# TASK REQUIREMENTS
In the records below, find the line containing "this 690×450 image.", then reproduce that line and every one after it to the end, exactly and alone.

(Spatial localization data)
..............................

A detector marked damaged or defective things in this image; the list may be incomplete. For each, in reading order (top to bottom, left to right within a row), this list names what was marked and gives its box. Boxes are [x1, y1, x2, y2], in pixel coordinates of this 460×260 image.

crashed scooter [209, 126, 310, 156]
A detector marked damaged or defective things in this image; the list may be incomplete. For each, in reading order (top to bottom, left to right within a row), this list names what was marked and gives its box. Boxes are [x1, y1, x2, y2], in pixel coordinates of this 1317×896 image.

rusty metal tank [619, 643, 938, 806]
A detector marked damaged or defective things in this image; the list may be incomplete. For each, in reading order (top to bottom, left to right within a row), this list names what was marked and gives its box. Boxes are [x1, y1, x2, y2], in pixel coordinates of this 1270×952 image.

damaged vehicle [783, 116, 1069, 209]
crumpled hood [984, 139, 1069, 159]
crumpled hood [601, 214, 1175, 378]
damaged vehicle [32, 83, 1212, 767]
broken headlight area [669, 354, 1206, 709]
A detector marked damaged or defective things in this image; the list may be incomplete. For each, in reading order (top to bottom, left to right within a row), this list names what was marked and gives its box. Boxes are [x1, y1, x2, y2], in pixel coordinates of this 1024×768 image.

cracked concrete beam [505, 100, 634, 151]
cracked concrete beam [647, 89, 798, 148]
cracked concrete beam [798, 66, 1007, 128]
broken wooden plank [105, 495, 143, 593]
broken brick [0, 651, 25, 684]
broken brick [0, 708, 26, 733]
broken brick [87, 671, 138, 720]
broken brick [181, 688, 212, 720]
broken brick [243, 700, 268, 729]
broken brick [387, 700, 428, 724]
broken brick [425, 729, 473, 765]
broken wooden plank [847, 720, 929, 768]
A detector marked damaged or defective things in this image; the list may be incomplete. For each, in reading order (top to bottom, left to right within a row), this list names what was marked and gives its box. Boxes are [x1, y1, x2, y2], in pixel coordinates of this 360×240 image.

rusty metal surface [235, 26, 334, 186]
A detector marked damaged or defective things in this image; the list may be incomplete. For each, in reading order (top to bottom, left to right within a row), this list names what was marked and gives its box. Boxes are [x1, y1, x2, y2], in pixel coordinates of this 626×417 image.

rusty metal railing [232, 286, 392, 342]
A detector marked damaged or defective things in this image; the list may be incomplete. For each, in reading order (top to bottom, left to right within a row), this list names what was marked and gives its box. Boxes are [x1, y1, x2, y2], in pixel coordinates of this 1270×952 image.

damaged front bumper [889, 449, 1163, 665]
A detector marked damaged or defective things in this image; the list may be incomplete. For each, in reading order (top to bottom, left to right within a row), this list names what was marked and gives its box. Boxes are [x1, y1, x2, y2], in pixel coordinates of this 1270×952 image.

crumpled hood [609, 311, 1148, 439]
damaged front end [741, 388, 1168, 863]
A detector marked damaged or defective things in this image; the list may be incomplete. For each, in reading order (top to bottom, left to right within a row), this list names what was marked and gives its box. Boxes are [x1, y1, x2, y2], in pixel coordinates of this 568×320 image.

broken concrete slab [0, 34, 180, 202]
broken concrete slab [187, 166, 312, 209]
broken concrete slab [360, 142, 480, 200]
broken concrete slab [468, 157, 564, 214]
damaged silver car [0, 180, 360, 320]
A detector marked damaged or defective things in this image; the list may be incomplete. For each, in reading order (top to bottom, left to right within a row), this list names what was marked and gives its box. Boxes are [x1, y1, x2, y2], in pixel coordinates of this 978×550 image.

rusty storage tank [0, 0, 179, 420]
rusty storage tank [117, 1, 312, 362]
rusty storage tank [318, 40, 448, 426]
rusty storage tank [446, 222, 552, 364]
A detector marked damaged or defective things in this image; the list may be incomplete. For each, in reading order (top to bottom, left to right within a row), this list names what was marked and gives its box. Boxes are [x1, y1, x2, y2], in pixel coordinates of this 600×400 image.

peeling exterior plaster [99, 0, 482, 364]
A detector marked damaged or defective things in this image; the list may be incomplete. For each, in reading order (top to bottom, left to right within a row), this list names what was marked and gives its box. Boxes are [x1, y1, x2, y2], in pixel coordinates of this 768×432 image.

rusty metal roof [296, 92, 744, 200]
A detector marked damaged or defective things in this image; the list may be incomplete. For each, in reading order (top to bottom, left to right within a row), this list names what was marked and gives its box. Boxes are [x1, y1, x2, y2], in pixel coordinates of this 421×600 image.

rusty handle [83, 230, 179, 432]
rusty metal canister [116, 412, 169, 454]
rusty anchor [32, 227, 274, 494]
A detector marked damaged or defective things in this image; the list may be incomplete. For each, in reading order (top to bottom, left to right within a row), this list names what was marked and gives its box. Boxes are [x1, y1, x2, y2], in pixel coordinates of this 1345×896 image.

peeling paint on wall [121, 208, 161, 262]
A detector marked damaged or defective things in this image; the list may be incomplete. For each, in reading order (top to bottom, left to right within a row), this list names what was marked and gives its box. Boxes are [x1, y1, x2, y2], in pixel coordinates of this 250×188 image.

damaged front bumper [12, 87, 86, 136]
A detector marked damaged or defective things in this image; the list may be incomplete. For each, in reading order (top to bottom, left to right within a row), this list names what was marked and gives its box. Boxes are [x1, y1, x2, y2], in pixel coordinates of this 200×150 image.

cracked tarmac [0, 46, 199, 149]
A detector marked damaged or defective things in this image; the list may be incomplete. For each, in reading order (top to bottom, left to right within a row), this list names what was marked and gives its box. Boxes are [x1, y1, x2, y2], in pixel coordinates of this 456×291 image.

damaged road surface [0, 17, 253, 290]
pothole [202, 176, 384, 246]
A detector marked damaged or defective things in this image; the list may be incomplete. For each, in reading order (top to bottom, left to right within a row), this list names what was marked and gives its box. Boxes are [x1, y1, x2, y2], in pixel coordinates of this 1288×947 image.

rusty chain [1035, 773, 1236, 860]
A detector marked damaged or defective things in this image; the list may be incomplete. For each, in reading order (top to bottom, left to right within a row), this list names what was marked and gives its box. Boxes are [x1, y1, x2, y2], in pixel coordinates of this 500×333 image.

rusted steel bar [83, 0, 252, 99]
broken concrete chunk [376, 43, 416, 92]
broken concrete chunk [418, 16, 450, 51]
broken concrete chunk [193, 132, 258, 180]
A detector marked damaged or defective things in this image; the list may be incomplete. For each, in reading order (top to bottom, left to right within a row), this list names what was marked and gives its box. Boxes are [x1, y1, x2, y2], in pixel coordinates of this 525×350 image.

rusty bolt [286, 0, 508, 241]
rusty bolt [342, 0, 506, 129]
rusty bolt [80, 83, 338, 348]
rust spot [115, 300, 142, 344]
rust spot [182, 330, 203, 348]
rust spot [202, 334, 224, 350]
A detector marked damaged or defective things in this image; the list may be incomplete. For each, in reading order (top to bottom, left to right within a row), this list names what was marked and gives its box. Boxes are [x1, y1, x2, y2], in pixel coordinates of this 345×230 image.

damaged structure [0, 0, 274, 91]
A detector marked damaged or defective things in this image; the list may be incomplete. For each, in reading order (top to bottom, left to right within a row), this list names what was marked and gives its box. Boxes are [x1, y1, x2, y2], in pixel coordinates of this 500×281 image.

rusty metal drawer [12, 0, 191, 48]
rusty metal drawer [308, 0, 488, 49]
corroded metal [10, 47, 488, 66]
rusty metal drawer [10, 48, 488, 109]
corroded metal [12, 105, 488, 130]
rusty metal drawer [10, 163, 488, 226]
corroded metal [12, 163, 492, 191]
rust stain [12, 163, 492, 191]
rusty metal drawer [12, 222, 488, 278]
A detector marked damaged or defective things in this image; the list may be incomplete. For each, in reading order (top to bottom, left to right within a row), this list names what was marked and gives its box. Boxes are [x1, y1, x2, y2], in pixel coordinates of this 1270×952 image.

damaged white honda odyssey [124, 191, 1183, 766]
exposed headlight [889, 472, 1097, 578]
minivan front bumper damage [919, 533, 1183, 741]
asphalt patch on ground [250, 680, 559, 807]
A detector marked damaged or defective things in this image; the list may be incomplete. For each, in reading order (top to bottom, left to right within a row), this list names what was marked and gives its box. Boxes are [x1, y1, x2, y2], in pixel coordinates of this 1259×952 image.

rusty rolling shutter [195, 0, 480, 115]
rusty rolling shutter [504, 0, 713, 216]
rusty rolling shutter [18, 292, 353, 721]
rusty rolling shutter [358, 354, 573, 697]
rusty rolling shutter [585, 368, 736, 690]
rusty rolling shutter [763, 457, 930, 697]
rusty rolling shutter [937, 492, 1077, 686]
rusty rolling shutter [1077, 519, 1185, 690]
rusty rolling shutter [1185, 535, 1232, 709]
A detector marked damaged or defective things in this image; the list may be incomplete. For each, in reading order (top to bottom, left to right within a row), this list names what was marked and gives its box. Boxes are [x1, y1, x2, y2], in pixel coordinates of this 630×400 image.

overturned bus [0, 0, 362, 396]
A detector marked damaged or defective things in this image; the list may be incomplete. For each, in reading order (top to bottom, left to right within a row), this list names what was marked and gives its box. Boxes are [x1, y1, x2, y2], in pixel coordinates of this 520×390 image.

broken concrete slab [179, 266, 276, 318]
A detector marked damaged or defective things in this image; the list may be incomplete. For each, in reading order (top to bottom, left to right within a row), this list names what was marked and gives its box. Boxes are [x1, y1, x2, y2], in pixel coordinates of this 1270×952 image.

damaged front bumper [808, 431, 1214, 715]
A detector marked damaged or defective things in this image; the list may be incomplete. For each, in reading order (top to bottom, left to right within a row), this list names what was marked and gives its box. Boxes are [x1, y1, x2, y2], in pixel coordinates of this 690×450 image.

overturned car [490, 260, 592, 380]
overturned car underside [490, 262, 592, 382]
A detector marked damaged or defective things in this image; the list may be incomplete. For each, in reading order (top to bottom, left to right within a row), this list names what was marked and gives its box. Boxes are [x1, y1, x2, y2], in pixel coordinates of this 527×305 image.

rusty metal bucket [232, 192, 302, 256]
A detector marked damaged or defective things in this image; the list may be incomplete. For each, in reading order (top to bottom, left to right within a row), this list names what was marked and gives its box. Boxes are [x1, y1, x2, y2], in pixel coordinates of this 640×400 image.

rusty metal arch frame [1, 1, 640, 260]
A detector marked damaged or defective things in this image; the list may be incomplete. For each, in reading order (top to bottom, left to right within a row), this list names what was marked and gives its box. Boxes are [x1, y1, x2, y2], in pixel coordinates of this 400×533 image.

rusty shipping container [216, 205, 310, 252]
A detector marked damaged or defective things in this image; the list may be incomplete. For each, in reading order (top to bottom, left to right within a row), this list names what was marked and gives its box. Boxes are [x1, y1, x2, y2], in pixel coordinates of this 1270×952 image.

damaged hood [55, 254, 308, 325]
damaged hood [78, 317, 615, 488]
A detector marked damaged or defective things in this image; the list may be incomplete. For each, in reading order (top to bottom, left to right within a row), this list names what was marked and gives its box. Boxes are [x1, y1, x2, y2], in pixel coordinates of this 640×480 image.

..............................

# EXERCISE OUTPUT
A detector marked damaged or defective things in this image; the list may be incomplete. For each, in reading order (top to bottom, left to right within a row), this list names what was marked and gives its box. Boxes are [x1, y1, x2, y2], in pixel coordinates of this 690×450 image.

overturned car [490, 260, 592, 380]
overturned car underside [490, 262, 592, 382]
A detector marked damaged or defective things in this image; the list may be incomplete. For each, in reading order (top to bottom, left to right within a row), this list names what was marked and gives its box. Boxes are [x1, y1, x2, y2], in pixel coordinates of this 527×305 image.

rusty metal bucket [232, 192, 302, 256]
A detector marked damaged or defective things in this image; the list may be incomplete. For each, in reading order (top to bottom, left to right within a row), this list names what was marked and gives its box. Boxes are [x1, y1, x2, y2], in pixel coordinates of this 640×400 image.

rusty metal arch frame [1, 1, 640, 260]
A detector marked damaged or defective things in this image; the list may be incomplete. For each, in reading order (top to bottom, left to right within a row), this list names what was marked and gives its box. Boxes are [x1, y1, x2, y2], in pixel coordinates of this 400×533 image.

rusty shipping container [216, 205, 310, 252]
A detector marked damaged or defective things in this image; the list may be incomplete. For each, in reading order (top to bottom, left to right within a row), this list names what was marked and gives its box. Boxes are [x1, y1, x2, y2], in pixel coordinates of this 1270×952 image.

damaged hood [55, 254, 308, 325]
damaged hood [78, 317, 615, 488]
A detector marked damaged or defective things in this image; the list may be incomplete. For each, in reading order (top to bottom, left to right within a row), this list names what was marked and gives its box. Boxes are [x1, y1, x2, y2], in pixel coordinates of this 640×480 image.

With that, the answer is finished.